#### Data for processing ####

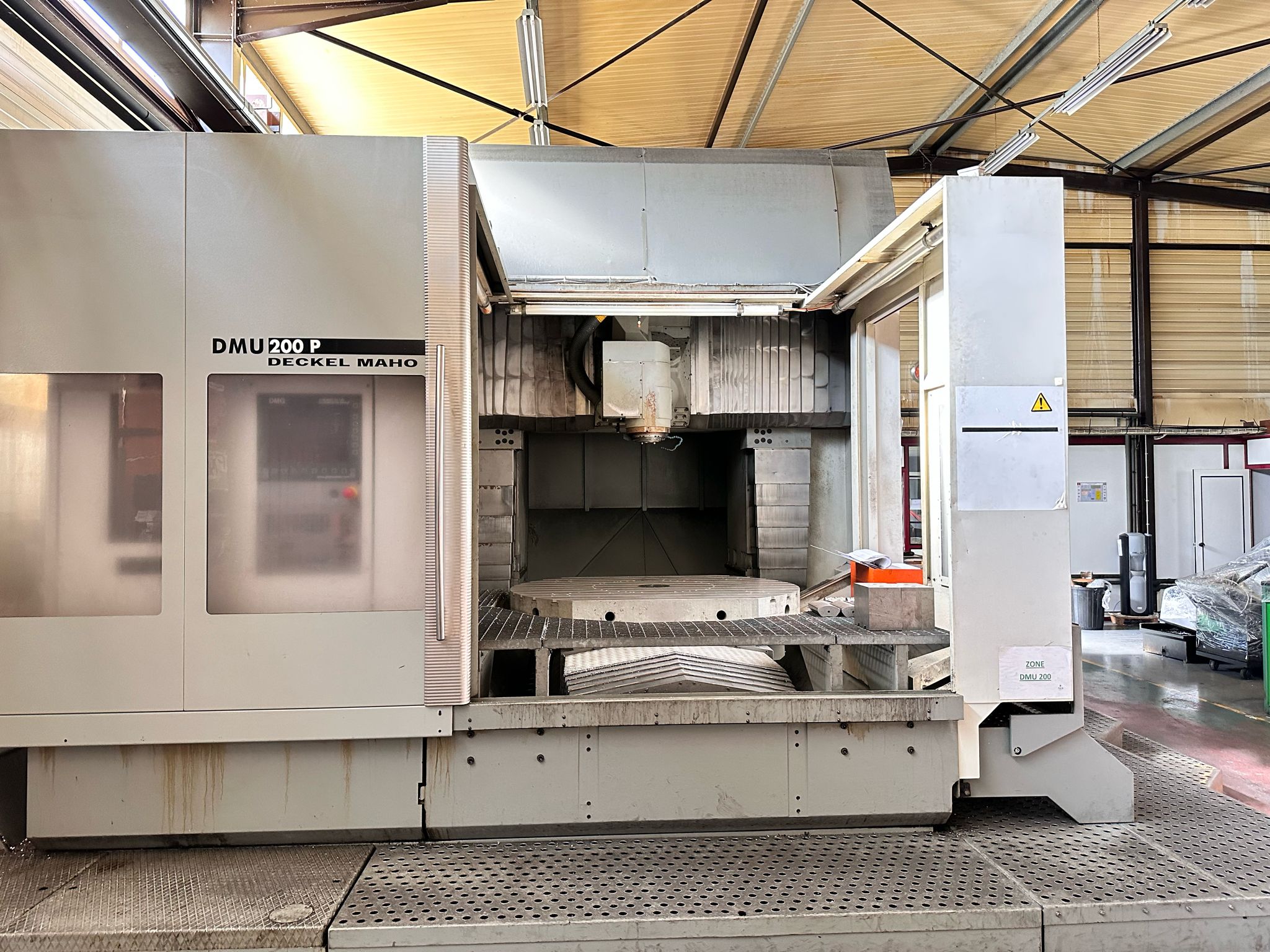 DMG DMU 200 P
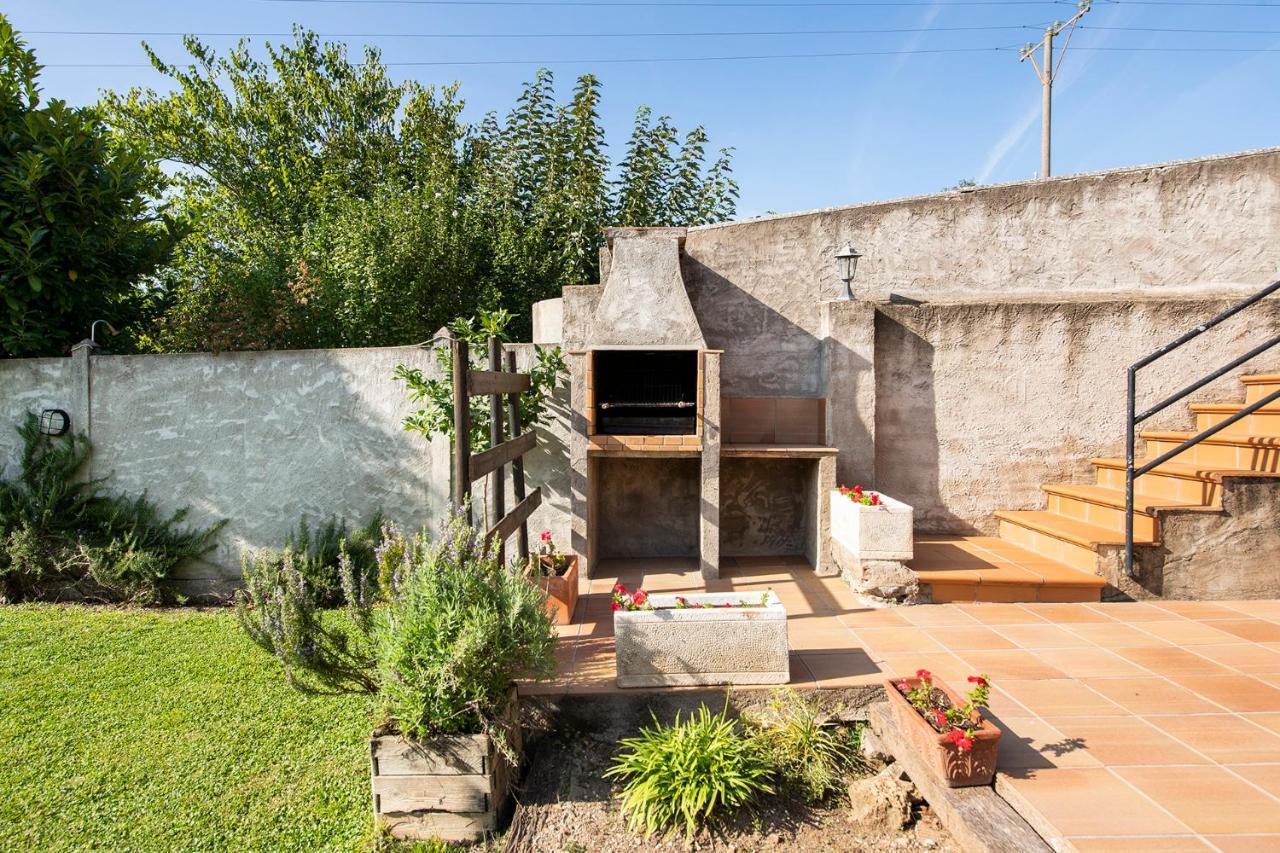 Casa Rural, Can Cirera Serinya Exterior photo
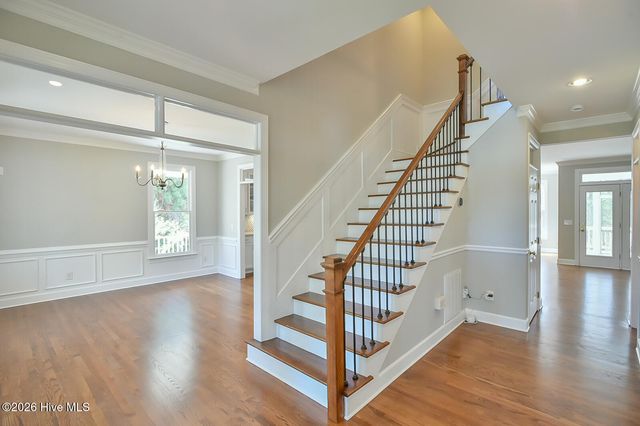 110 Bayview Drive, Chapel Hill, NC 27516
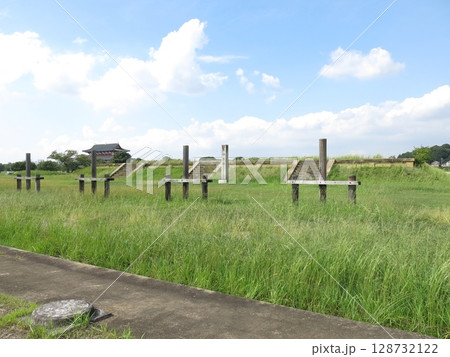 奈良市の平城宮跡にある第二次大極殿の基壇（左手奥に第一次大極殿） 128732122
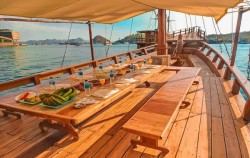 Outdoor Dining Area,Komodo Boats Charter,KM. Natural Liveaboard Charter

####

Task to carry out: I need the lines from the line containing "110 Bayview Drive, Chapel Hill, NC 27516" through the final line of the listing duplicated exactly, both ends included, with no pictures and nothing else.

Exercise response:
 110 Bayview Drive, Chapel Hill, NC 27516
 奈良市の平城宮跡にある第二次大極殿の基壇（左手奥に第一次大極殿） 128732122
 Outdoor Dining Area,Komodo Boats Charter,KM. Natural Liveaboard Charter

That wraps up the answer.